Three-Dimensional Heart Patch May Repair Disease-Damaged Tissue

Researchers have used mouse embryonic stem cells to create a patch made of cardiomyocytes and cardiac fibroblasts that may one day be used to repair tissue damaged by heart disease.

Researchers at Duke University have used mouse embryonic stem cells to design a three-dimensional "patch" made up of cardiomyocytes that may become an important tool in repairing heart tissue that has been damaged by disease.

The new patch, which, according to the researchers, looks "much like a piece of Chex cereal," exhibited the two most important aspects of heart muscle cells - the ability to contract and to conduct electrical impulses. The flexibility of the new patch enabled the researchers to alter the shape and length of the pores to control the direction in which the new cells were growing.

According to researcher Brian Liau, a graduate student in biomedical engineering at Duke's Pratt School of Engineering, growing cardiomyocytes on their own led to an "unorganized ball of cells." However, when the researchers added cardiac fibroblasts to the growing cells, which make up as much as 60% of all cells in the human heart, "a nourishing environment that stimulated the cells to grow as if they were in a developing heart" was created, Liau said.

The researchers "grew the cells in an environment much like that found in natural tissues." The cells were encapsulated in a gel composed of fibrin and cardiac fibroblasts. Although the results of this research are a "proof-of-principle advance," said assistant professor Nenad Bursac, much more research must still be done before the patch would be ready for use in humans with heart disease.

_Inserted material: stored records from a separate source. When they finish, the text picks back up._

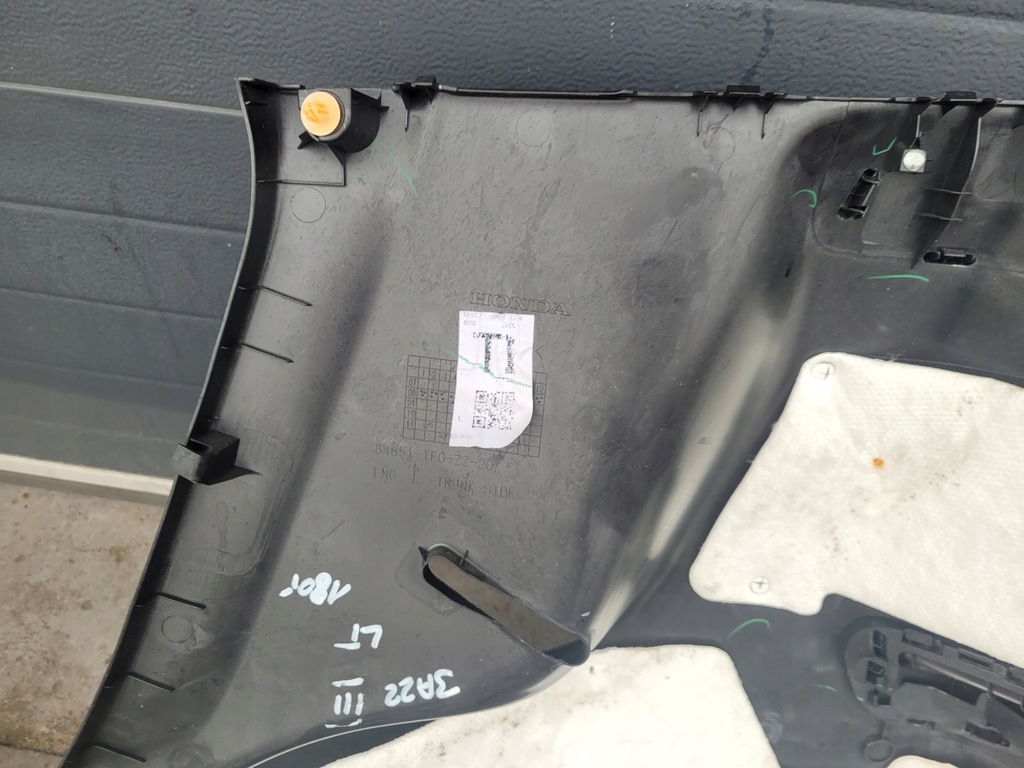 фото №5, Honda jazz iii обшивка обивка левый задняя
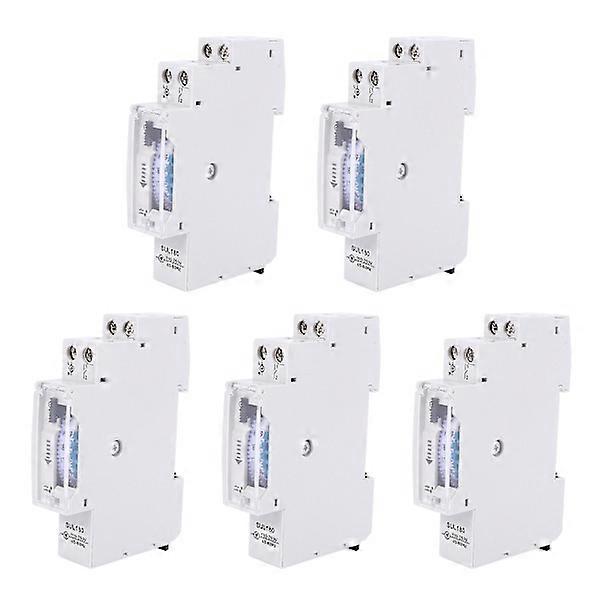 5X Sul180a 15 minutes mechanical timer 24 hours programmable DIN rail timer time switch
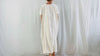 Amuzgo Huipil Dress. White-on-White. Hand-Woven. Guerrero, Mexico. 0131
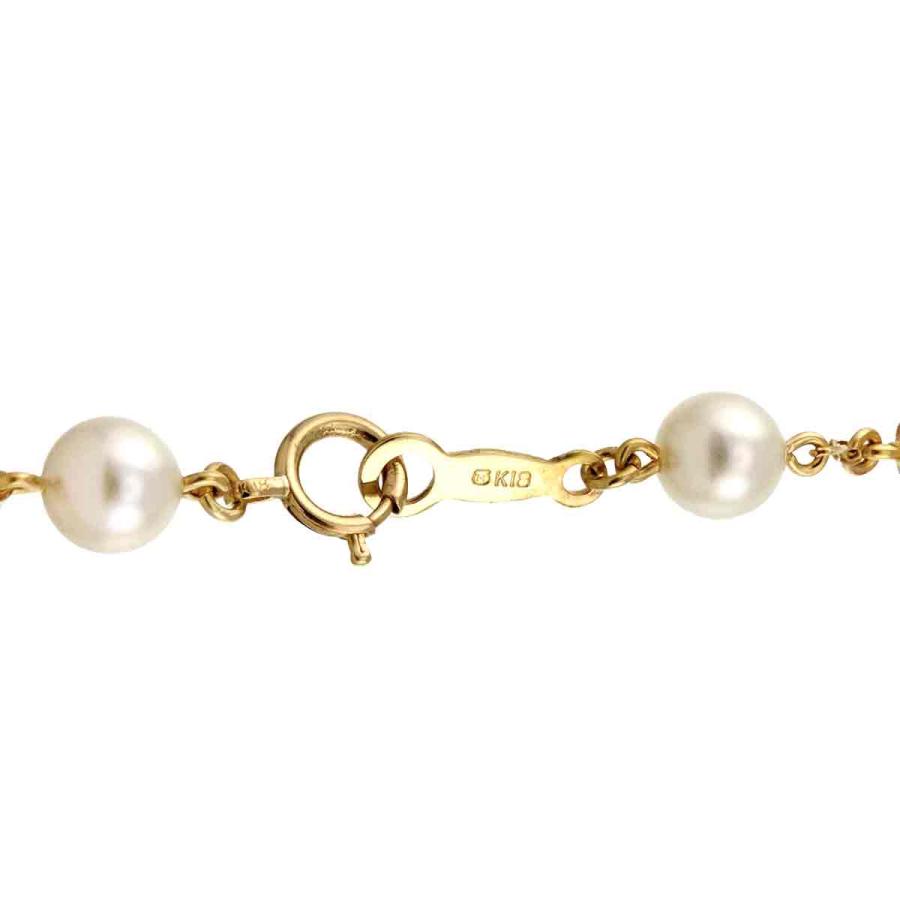 MIKIMOTO（ミキモト） アコヤ真珠 5.0mm ブレスレット 17.5cm K18 YG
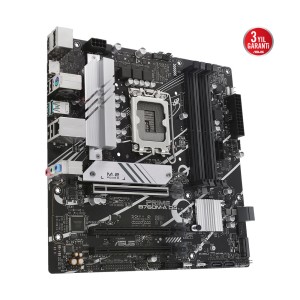 ASUS PRIME B760M-A D4 CSM Intel B760 LGA1700 DDR4 5333Mhz 2xM2 USB3.2 mATX Anakart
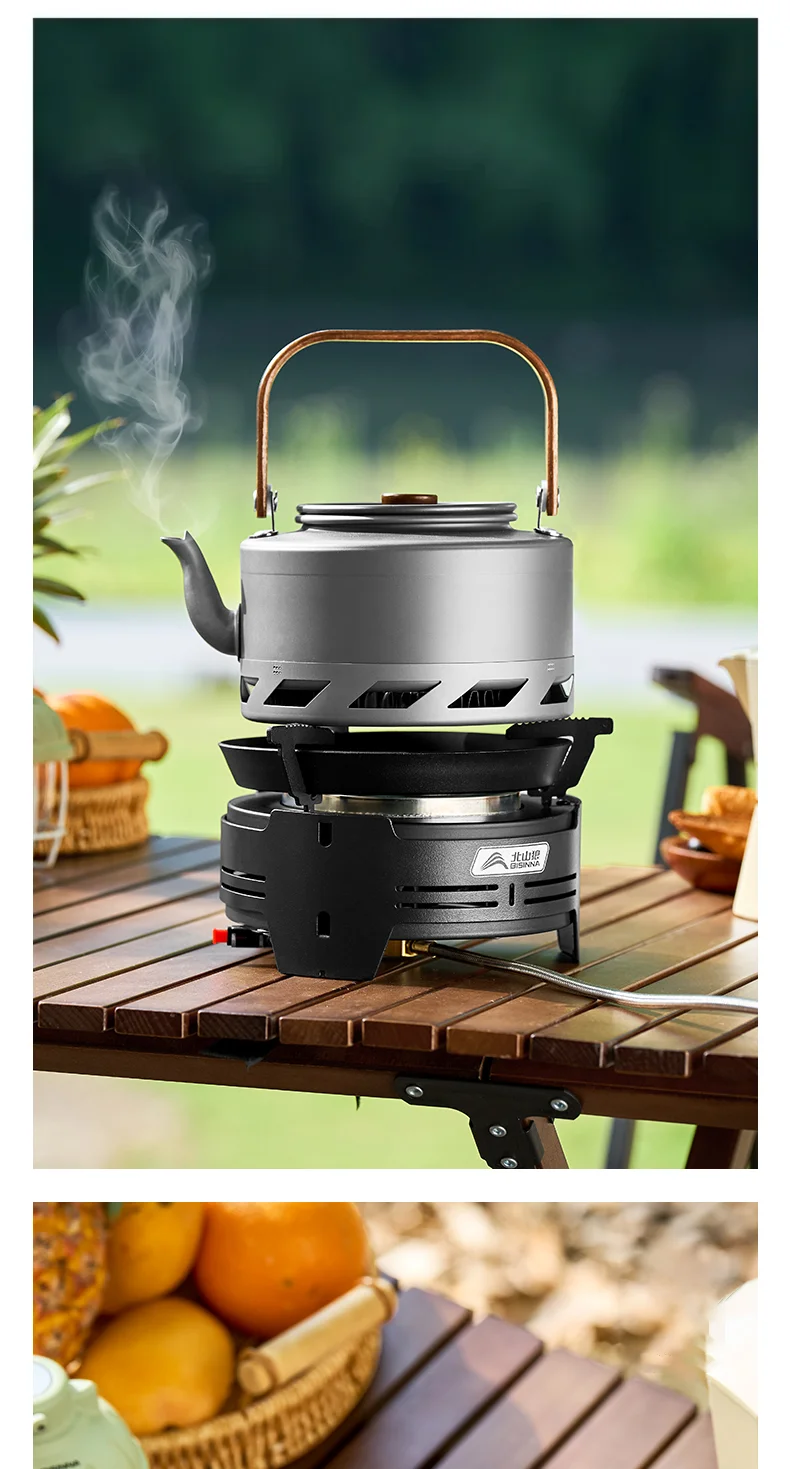 BISINNA 5800W Infrarot-Herd, tragbarer Split-Gasbrenner mit Aufbewahrungsbox, für Picknick, Wandern, winddichter Campingkocher im Freien – Detail 13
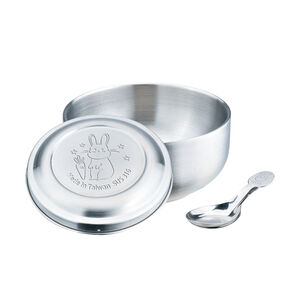 PERFECT 理想牌 極緻316不鏽鋼兒童碗組附湯匙卡通碗隔熱碗不鏽鋼碗 11cm-Leidea樂德兒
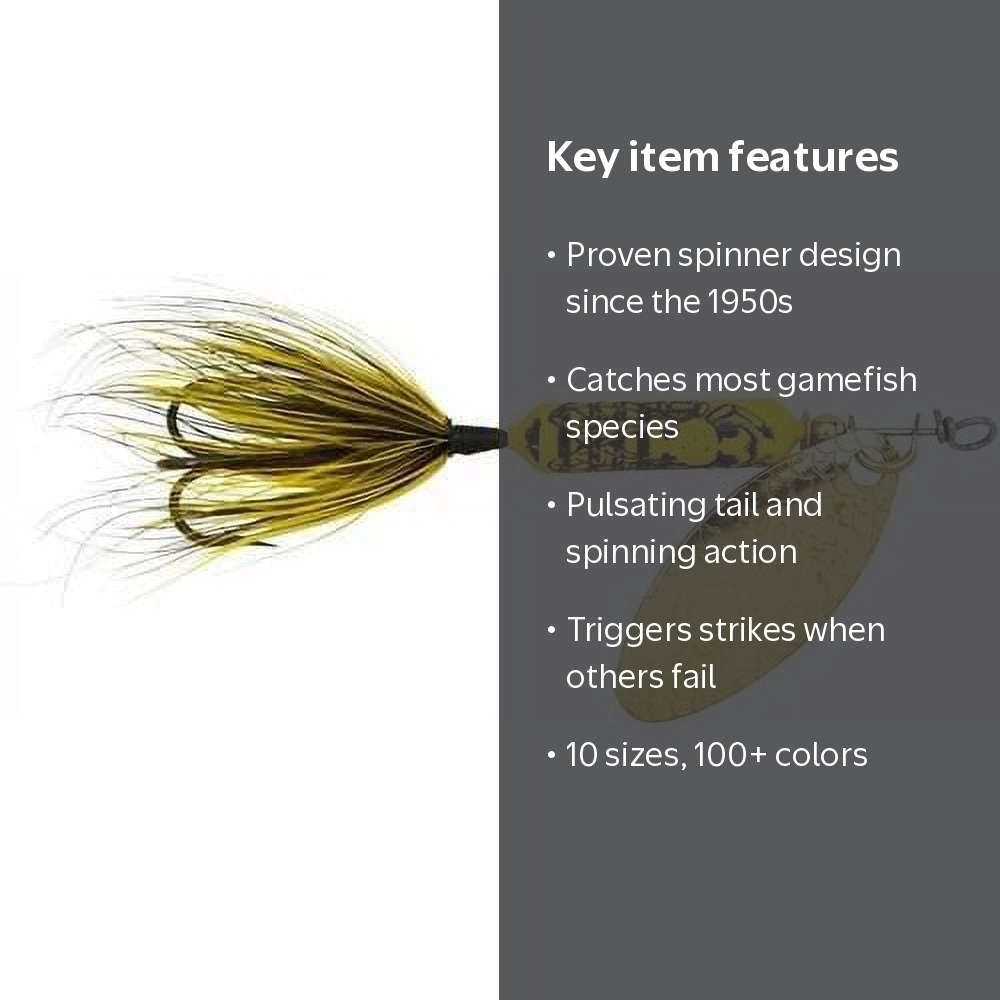 Yakima Bait Worden's Original Rooster Tail, Inline Spinnerbait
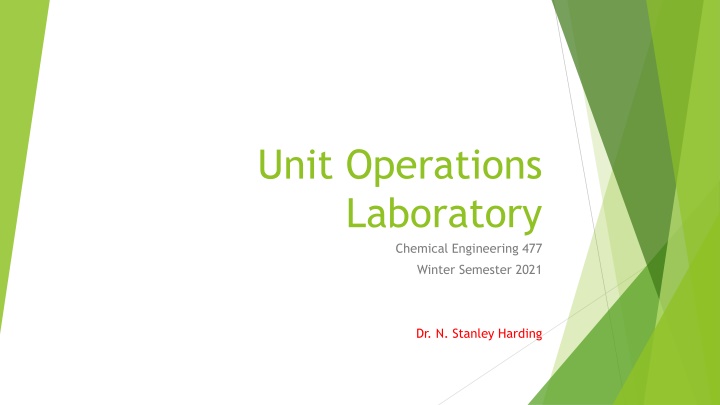 unit operations laboratory chemical engineering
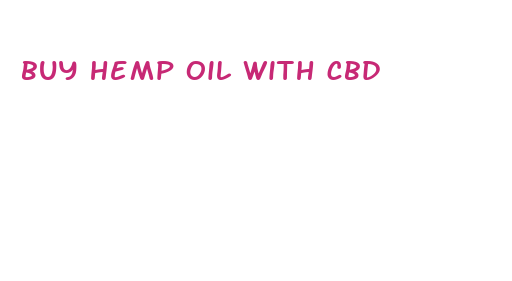 buy hemp oil with cbd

"While we were able to grow heart muscle cells that were able to contract with strength and carry electric impulses quickly, there are many other factors that need to be considered," Bursac said. "The use of fibrin as a structural material allowed us to grow thicker, three-dimensional patches, which would be essential for the delivery of therapeutic doses of cells. One of the major challenges then would be establishing a blood vessel supply to sustain the patch."

Liau presented the results of the study at the annual scientific sessions of the Biomedical Engineering Society in Pittsburgh.